Another operator in the North West also reported a similar drop in prices with expectations of more to come.
“Prices are down about £5 a tonne across the board in the last week,” the merchant said. “We’re hearing it’s because of the strong pound and lack of orders. There’s the feeling that it may come down another £5 this month. Trade is very slow.”
In Scotland, trade was subdued but more predictable. “There haven’t been any changes in prices since Easter,” said one merchant. “But business is more stable. There are fewer peaks and troughs and more continuity.”
For most, trade is stable but continues to be slow. One North East operator said: “There are a lot [of merchants] still buying work. You look at the prices and you can’t afford to do it.”
However, some are experiencing stronger levels of trade. One Welsh operator said that although prices had not increased, business was good. “Everybody was worried about how the cash ban would affect business but we’ve got more customers now than we had before the ban,” the merchant said.
Another North East merchant was typical of several who were relying on upcoming local jobs to keep the business ticking over for the rest of the summer.
“There’s not much material around - we’ve not much left now but we’ve got some factory strip outs at the end of July and the beginning of August so that should see us though for a bit,” the merchant said.
Most merchants were typically unable to predict future prices although several said they did not expect any significant changes until the autumn due to a slacking off of operations during the summer.
However one larger operator predicted that prices could come down by up to £10 per tonne across the board in the next week or so.
In other news, British Transport Police’s Metal Theft Task Force searched more than 100 scrap metal dealers and made 75 arrests in a recent ‘Week of Action’ to clamp down on metal theft.
The next operation, which will be another week-long action, will take place in mid-July.

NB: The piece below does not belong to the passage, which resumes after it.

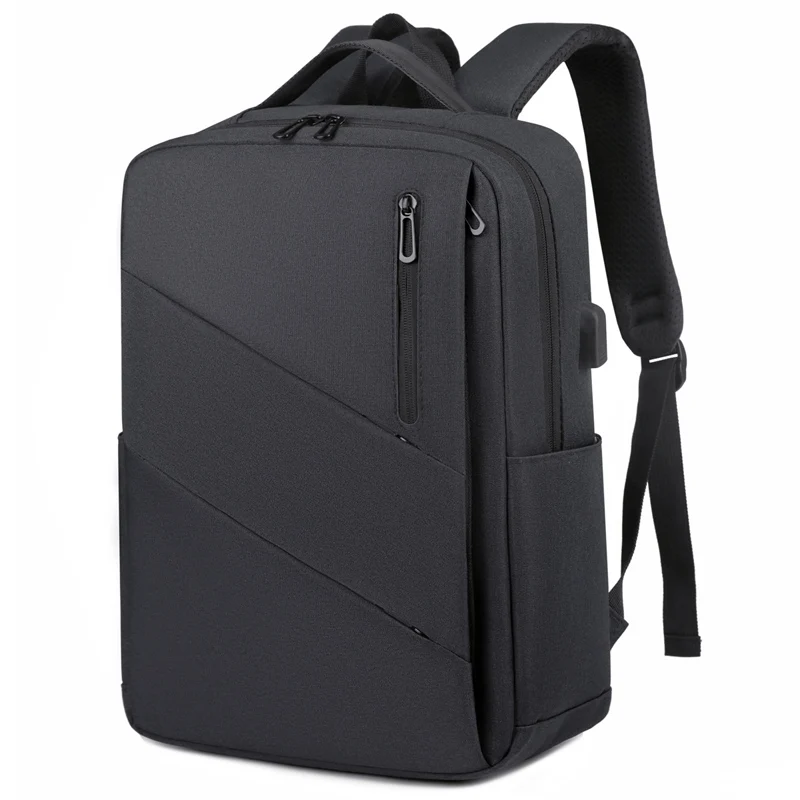 OEM ODM Backpack Laptop Leather Men Luxury For Men Business Bag Ready Export Shipping Ready Export From Vietnam Manufacturer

British Metals Recycling Association (BMRA) has elected Shane Mellor as its new president and Graeme Carus as his deputy. Mellor is managing director of Mellor Metals and has been in the industry for 38 years. He initially became involved with the BMRA with the implementation of the end-of-life vehicle directive, and served as legislative policy chairman.
Speaking of his new role, Mellor said: “After a year of change, a lot of work still lies ahead for the BMRA and I hope to serve the interests of members well during my time as president by promoting the sector.”

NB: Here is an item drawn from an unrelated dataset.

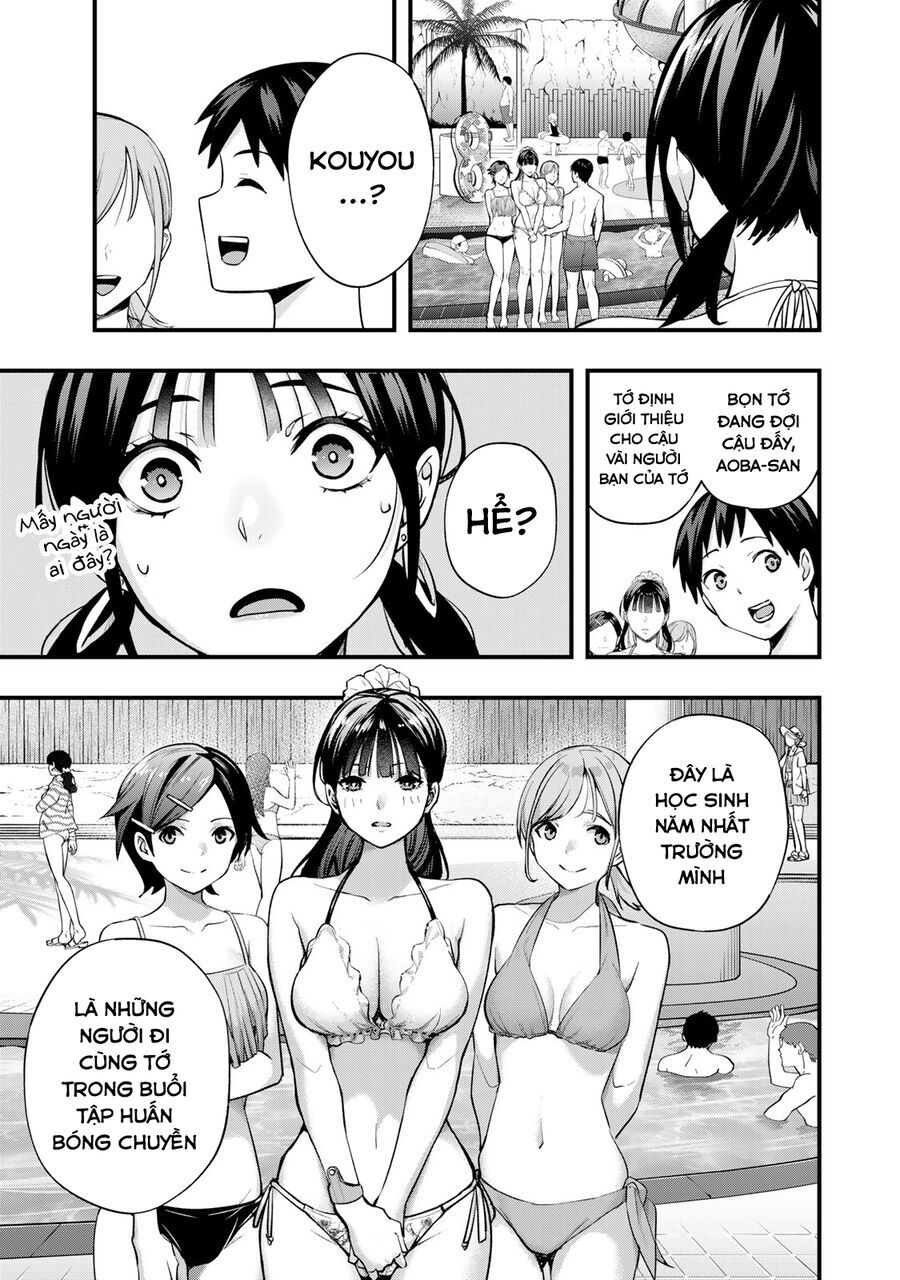 Sawaranaide Kotesashi-Kun Chương 19 Page 15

His new deputy, Graeme Carus, is director of business development at EMR where his responsibilities also include public and regulatory affairs, marketing, communications, producer responsibility and environmental consultancy.
Carus said: “I’m looking forward to working with Shane to encourage the Government and others to recognise that we cannot increase recycling without supporting those that actively carry out the task. This is something that is all the more important given the challenging economic times our industry is faced with.”

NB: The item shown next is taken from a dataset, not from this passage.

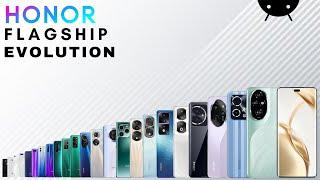 Evolution of Honor Mobile phones | Honor Flagship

BMRA director general, Ian Hetherington saidd: “Now that the Scrap Metal Dealers’ Act has come into force, the BMRA will concentrate on making sure the legislation is robustly enforced by the authorities with adequate resources. However, the greatest challenge in 2014 and beyond is finding a way for the industry to successfully communicate its genuine value to the society that we serve.
“Recycling is widely supported by society and public policy, but unfortunately, few people want to live alongside the facilities that make it happen. This challenge needs to be resolved by the industry, political leaders and society in general, and soon.”